• Work required: When you reach the line in the data below that contains "Repetto Womens Loafers", please start repeating lines exactly, and stop after the line that contains "施華洛世奇 SWAROVSKI 珍珠項鍊 鑽石耳環 情人節 禮盒", repeating nothing else.

• The data:
----

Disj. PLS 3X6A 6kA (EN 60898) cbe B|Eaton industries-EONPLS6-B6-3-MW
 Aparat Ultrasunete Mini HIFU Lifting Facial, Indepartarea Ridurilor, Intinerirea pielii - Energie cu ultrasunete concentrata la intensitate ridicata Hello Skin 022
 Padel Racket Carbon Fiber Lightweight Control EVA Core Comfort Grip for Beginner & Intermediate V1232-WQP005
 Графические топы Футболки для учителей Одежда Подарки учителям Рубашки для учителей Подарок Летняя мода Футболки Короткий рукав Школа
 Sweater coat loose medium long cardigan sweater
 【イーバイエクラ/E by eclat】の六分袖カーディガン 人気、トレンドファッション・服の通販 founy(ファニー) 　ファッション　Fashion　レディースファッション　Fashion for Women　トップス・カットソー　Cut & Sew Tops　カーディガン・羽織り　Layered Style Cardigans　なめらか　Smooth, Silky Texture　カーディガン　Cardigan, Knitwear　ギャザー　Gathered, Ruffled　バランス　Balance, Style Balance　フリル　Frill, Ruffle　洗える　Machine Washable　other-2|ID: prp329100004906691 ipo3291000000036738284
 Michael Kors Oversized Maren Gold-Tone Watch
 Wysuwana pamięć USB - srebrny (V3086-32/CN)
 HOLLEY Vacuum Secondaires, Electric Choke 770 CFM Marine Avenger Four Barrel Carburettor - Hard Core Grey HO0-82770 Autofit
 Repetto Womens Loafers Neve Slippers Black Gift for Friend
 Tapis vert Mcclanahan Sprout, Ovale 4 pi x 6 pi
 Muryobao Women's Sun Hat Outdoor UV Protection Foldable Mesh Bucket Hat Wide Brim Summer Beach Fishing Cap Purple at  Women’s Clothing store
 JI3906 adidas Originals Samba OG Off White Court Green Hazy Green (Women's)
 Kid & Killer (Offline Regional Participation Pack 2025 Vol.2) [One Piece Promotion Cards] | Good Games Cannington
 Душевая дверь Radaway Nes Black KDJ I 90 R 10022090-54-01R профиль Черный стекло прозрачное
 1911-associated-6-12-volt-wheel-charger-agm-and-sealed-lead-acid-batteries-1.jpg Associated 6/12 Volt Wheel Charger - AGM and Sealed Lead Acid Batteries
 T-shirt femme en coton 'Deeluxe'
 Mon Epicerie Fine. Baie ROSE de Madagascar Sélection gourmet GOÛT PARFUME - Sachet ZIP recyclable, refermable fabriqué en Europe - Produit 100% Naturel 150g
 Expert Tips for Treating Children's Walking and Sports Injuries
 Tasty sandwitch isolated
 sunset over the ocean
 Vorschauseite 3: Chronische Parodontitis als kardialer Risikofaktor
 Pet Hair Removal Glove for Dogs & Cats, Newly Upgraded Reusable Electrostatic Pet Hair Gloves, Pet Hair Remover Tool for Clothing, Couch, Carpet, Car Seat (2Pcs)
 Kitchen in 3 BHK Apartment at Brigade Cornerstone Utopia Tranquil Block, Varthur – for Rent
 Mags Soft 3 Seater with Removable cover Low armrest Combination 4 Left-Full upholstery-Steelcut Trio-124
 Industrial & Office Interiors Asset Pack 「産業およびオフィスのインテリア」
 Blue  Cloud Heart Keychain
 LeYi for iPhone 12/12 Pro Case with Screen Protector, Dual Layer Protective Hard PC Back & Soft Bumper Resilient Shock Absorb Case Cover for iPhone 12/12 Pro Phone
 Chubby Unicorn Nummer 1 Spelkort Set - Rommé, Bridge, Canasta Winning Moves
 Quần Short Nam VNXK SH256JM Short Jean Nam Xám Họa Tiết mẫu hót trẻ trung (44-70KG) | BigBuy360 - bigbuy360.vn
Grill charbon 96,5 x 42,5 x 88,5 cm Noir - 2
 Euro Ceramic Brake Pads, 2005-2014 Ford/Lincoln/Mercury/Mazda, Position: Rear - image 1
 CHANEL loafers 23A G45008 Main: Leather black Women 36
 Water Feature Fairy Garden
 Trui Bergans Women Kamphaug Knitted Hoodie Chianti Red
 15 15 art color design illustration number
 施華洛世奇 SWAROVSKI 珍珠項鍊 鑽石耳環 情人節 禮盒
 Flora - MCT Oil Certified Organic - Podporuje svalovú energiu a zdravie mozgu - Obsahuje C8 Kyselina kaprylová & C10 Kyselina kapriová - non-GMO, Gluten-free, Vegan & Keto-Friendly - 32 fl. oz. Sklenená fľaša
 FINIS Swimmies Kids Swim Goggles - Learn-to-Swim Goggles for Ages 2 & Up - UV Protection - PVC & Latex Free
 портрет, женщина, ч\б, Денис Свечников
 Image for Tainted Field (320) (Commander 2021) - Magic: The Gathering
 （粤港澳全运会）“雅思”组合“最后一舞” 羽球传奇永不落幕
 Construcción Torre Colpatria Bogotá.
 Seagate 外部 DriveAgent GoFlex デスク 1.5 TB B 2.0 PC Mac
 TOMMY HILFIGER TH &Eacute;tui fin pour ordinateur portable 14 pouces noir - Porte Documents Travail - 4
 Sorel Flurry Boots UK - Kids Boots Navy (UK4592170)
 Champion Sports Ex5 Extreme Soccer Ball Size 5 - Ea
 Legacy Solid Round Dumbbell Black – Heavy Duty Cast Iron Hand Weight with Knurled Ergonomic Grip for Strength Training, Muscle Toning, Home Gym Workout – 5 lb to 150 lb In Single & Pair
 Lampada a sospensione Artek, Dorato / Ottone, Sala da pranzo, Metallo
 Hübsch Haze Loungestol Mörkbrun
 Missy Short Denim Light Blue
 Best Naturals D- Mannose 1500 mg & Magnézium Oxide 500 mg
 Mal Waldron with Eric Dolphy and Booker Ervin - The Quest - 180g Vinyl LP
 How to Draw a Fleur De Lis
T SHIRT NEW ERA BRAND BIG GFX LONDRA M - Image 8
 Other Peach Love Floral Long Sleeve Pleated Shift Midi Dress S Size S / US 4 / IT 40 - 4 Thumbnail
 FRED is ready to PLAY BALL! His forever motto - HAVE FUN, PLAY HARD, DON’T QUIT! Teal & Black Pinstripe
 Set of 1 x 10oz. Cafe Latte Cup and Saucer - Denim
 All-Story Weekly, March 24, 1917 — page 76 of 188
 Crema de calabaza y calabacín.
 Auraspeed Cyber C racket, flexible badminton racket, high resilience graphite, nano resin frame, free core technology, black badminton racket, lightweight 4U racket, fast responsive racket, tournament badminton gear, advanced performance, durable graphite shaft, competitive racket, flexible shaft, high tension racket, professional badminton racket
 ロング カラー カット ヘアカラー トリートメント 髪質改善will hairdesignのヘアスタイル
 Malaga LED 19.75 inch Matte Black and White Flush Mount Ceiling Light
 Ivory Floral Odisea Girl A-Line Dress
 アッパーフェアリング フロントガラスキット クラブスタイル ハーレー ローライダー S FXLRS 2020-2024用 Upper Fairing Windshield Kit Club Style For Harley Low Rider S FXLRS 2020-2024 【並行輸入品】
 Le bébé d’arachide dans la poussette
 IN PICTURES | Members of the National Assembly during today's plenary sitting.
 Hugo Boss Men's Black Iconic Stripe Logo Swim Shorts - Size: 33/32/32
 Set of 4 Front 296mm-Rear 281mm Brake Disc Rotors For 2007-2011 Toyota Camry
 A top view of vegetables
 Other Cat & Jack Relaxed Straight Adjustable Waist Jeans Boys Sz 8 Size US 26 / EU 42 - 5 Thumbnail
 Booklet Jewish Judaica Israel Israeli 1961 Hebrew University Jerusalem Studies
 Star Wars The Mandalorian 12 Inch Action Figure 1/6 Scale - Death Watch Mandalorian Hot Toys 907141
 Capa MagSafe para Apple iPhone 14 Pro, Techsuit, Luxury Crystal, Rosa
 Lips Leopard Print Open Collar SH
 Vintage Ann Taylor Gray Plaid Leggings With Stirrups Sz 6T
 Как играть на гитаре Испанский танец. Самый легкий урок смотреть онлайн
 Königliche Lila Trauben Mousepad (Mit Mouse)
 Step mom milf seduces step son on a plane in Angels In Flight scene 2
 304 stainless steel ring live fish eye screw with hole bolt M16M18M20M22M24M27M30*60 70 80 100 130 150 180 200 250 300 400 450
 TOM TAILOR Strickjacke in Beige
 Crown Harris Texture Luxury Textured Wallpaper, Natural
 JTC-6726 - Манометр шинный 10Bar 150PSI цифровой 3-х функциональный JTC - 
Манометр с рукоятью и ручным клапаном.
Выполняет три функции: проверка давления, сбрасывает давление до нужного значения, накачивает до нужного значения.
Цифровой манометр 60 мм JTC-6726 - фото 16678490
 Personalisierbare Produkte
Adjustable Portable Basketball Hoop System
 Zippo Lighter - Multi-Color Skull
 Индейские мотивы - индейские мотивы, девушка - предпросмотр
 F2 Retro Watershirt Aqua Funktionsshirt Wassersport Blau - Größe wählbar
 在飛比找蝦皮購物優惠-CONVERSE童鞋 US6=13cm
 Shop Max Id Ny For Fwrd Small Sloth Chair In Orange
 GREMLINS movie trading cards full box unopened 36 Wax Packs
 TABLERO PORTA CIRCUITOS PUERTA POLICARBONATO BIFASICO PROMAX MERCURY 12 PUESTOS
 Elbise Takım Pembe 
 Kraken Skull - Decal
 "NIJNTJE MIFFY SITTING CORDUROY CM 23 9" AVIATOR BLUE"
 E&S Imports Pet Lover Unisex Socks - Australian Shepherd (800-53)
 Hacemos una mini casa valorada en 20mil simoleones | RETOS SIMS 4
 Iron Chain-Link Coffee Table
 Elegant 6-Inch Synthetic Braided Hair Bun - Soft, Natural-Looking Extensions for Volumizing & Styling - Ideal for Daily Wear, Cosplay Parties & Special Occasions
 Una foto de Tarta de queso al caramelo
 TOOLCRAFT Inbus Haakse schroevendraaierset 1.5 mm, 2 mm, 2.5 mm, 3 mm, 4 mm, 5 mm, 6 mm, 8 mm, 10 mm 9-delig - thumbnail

----

• Solution for this problem:
 Repetto Womens Loafers Neve Slippers Black Gift for Friend
 Tapis vert Mcclanahan Sprout, Ovale 4 pi x 6 pi
 Muryobao Women's Sun Hat Outdoor UV Protection Foldable Mesh Bucket Hat Wide Brim Summer Beach Fishing Cap Purple at  Women’s Clothing store
 JI3906 adidas Originals Samba OG Off White Court Green Hazy Green (Women's)
 Kid & Killer (Offline Regional Participation Pack 2025 Vol.2) [One Piece Promotion Cards] | Good Games Cannington
 Душевая дверь Radaway Nes Black KDJ I 90 R 10022090-54-01R профиль Черный стекло прозрачное
 1911-associated-6-12-volt-wheel-charger-agm-and-sealed-lead-acid-batteries-1.jpg Associated 6/12 Volt Wheel Charger - AGM and Sealed Lead Acid Batteries
 T-shirt femme en coton 'Deeluxe'
 Mon Epicerie Fine. Baie ROSE de Madagascar Sélection gourmet GOÛT PARFUME - Sachet ZIP recyclable, refermable fabriqué en Europe - Produit 100% Naturel 150g
 Expert Tips for Treating Children's Walking and Sports Injuries
 Tasty sandwitch isolated
 sunset over the ocean
 Vorschauseite 3: Chronische Parodontitis als kardialer Risikofaktor
 Pet Hair Removal Glove for Dogs & Cats, Newly Upgraded Reusable Electrostatic Pet Hair Gloves, Pet Hair Remover Tool for Clothing, Couch, Carpet, Car Seat (2Pcs)
 Kitchen in 3 BHK Apartment at Brigade Cornerstone Utopia Tranquil Block, Varthur – for Rent
 Mags Soft 3 Seater with Removable cover Low armrest Combination 4 Left-Full upholstery-Steelcut Trio-124
 Industrial & Office Interiors Asset Pack 「産業およびオフィスのインテリア」
 Blue  Cloud Heart Keychain
 LeYi for iPhone 12/12 Pro Case with Screen Protector, Dual Layer Protective Hard PC Back & Soft Bumper Resilient Shock Absorb Case Cover for iPhone 12/12 Pro Phone
 Chubby Unicorn Nummer 1 Spelkort Set - Rommé, Bridge, Canasta Winning Moves
 Quần Short Nam VNXK SH256JM Short Jean Nam Xám Họa Tiết mẫu hót trẻ trung (44-70KG) | BigBuy360 - bigbuy360.vn
Grill charbon 96,5 x 42,5 x 88,5 cm Noir - 2
 Euro Ceramic Brake Pads, 2005-2014 Ford/Lincoln/Mercury/Mazda, Position: Rear - image 1
 CHANEL loafers 23A G45008 Main: Leather black Women 36
 Water Feature Fairy Garden
 Trui Bergans Women Kamphaug Knitted Hoodie Chianti Red
 15 15 art color design illustration number
 施華洛世奇 SWAROVSKI 珍珠項鍊 鑽石耳環 情人節 禮盒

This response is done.